Nesse caso, o resultado também é desfavorável para as mulheres: elas levariam 23% a mais de tempo para serem promovidas do que os homens, em média.
Mas esse cálculo não é tão representativo, já que, para fazê-lo, o pesquisador teve de retirar da base pesquisada aqueles funcionários cuja posição na empresa antes do período analisado por ele (com início em 2006) é desconhecida. Isso reduz o universo pesquisado e contamina a amostra, pois retira exatamente os funcionários que foram promovidos mais rapidamente (a maioria homens, que já eram gerentes ou diretores em 2006 e dos quais se desconhece o cargo anterior).
Esses funcionários cuja posição anterior se ignorava foram retirados porque, sem essa informação, não era possível calcular o efeito do cargo que exerciam sobre a promoção que tiveram.

Mais gente, promoção tardia
Além da comparação do tempo até a promoção entre homens e mulheres, outra conclusão do estudo foi que contratações podem retardar promoções, de homens ou mulheres, dentro de uma empresa: a cada 1% de mais funcionários, o tempo de emprego até uma promoção sobe 6,7%. "Isso ocorre porque a quantidade de cargos de gerência e direção em uma empresa cresce menos, proporcionalmente, do que o número de empregados", diz Coelho.
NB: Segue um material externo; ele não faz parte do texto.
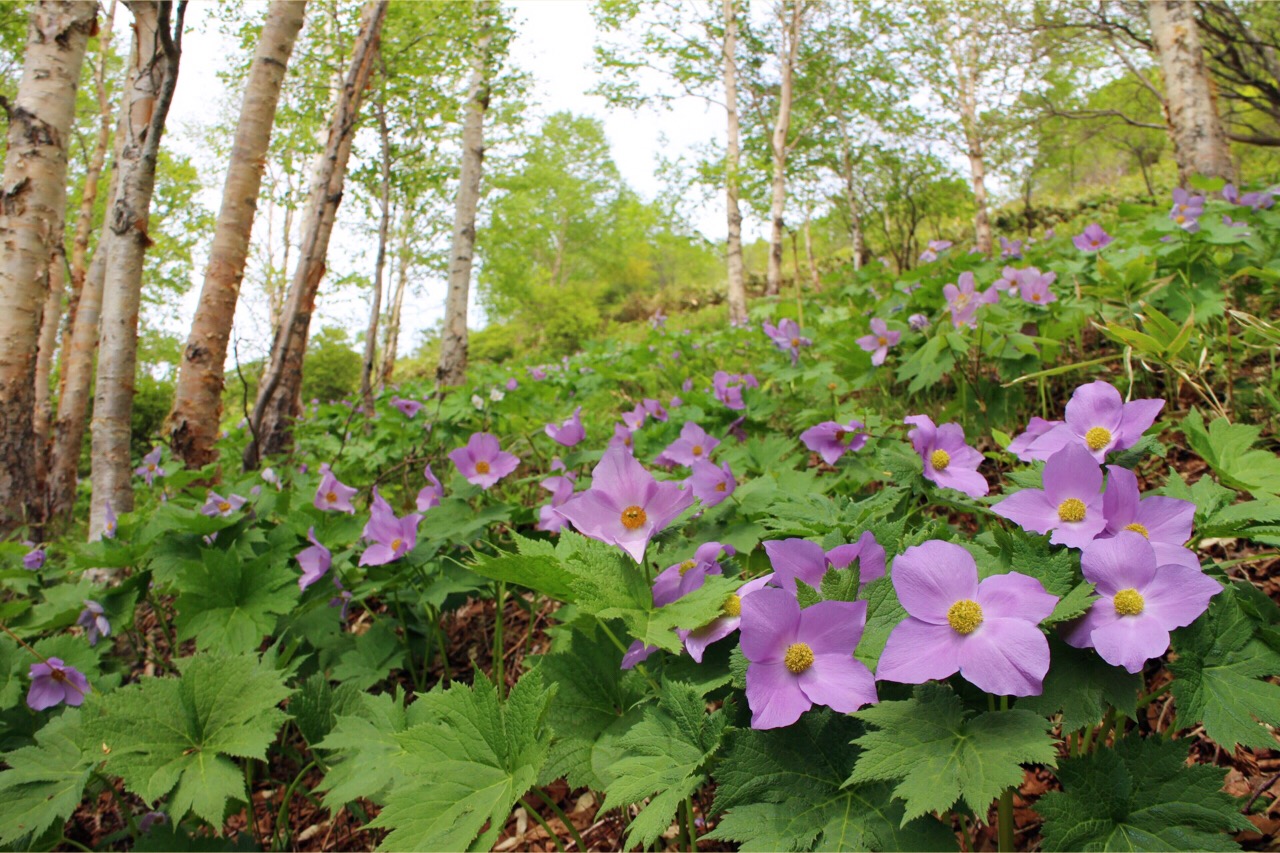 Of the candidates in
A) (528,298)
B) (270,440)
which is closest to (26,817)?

Os números apontam ainda em quais cargos os funcionários, de qualquer sexo, têm mais chance de promoção: em primeiro lugar, aparece o chefe de seção, e, em seguida, os supervisores.
Em terceiro, vêm os engenheiros, que levam 29% a menos de tempo para serem promovidos do que advogados, economistas, administradores e contadores. O estudo do Ipea mostra ainda que, na região Sudeste, a competição por promoções é mais acirrada: os trabalhadores de indústria de transformação da região levam, em média, 12% a mais de tem- po para subir de posição.